Your task:
Reproduce each line, exactly, from the one containing "Wallace golfer Erik" through the end of the material. Exclude pictures.

Data excerpt START

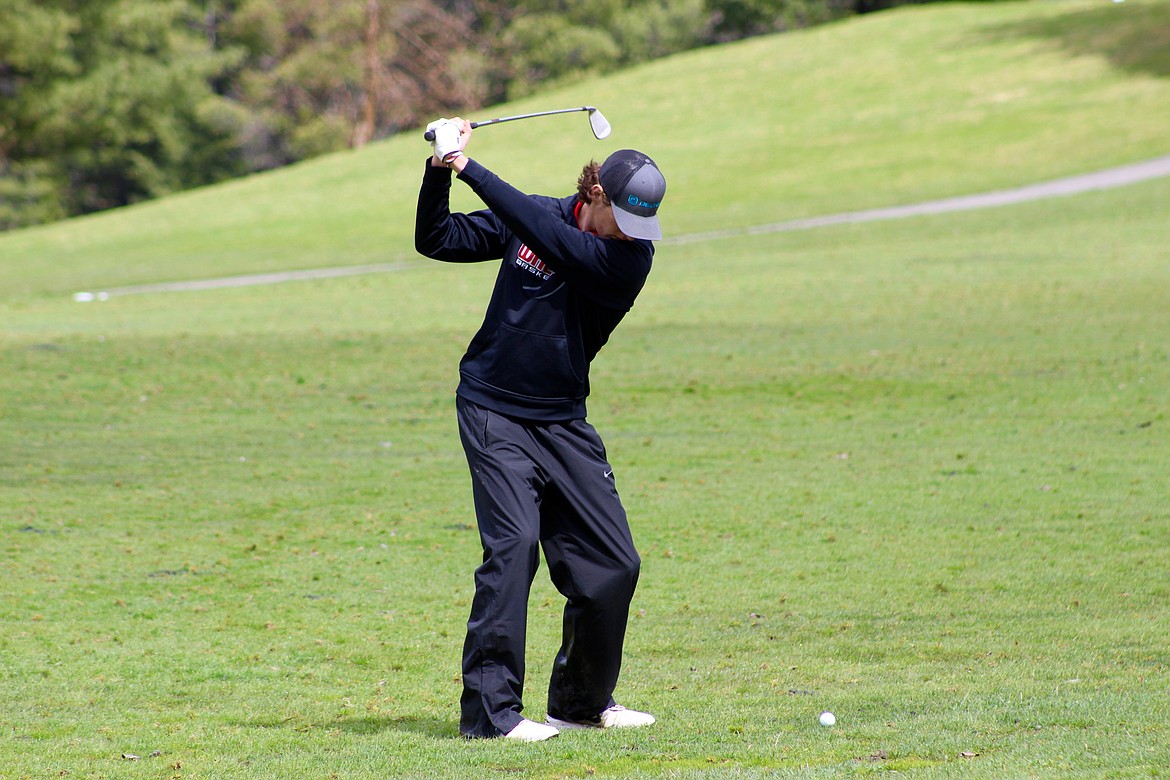 Wallace golf photos by Chanse Watson 
Wallace golfer Erik Brackebusch mid-swing during Friday&#146;s golf match at Shoshone Golf Course in Big Creek. Brackebusch took second place overall at the event with a score of 86, just two strokes behind the first place finisher.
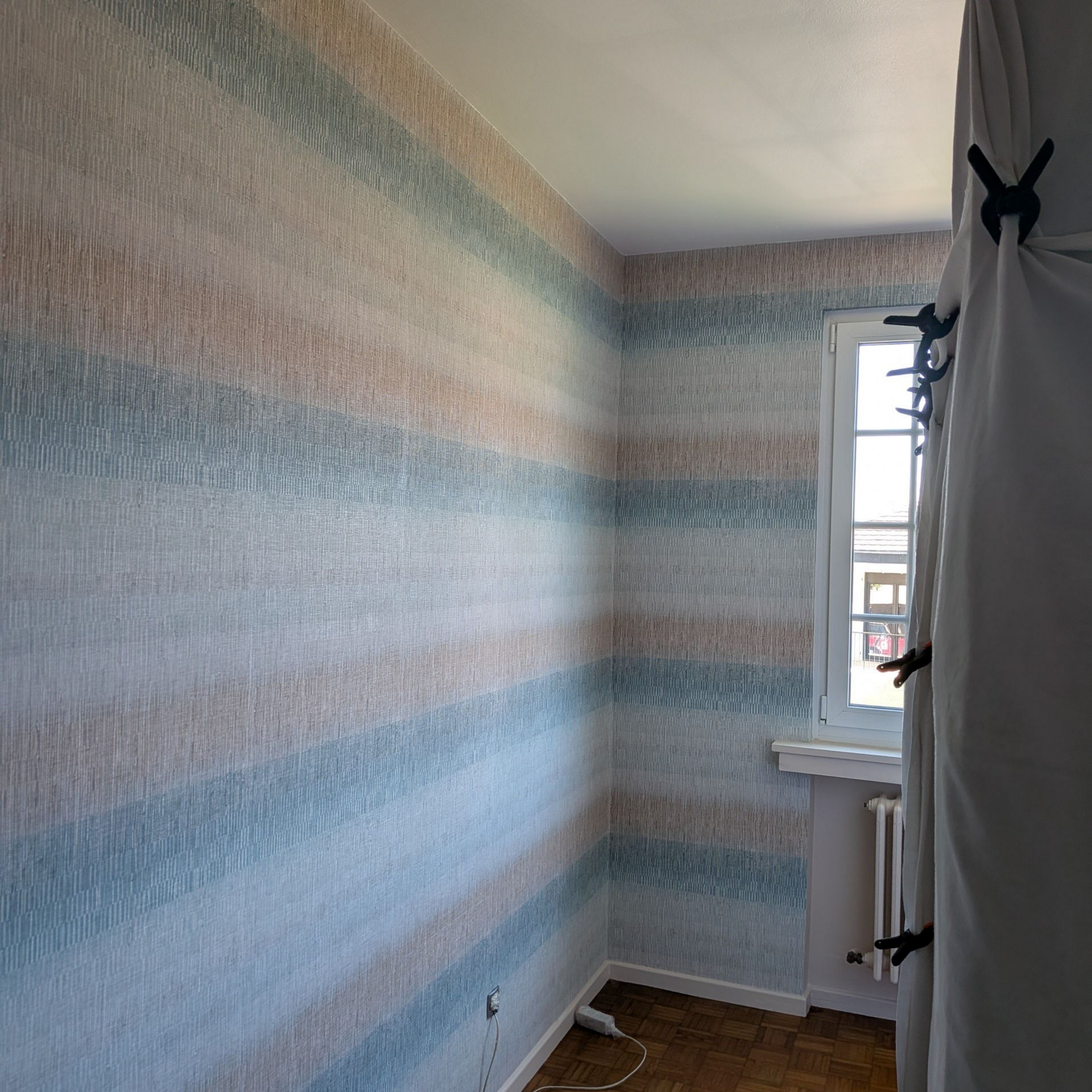 Pièce étroite aux murs rayés bleu-gris, avec une petite fenêtre et un radiateur sous la fenêtre.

Data excerpt END

Answer below:
Wallace golfer Erik Brackebusch mid-swing during Friday&#146;s golf match at Shoshone Golf Course in Big Creek. Brackebusch took second place overall at the event with a score of 86, just two strokes behind the first place finisher.
 Pièce étroite aux murs rayés bleu-gris, avec une petite fenêtre et un radiateur sous la fenêtre.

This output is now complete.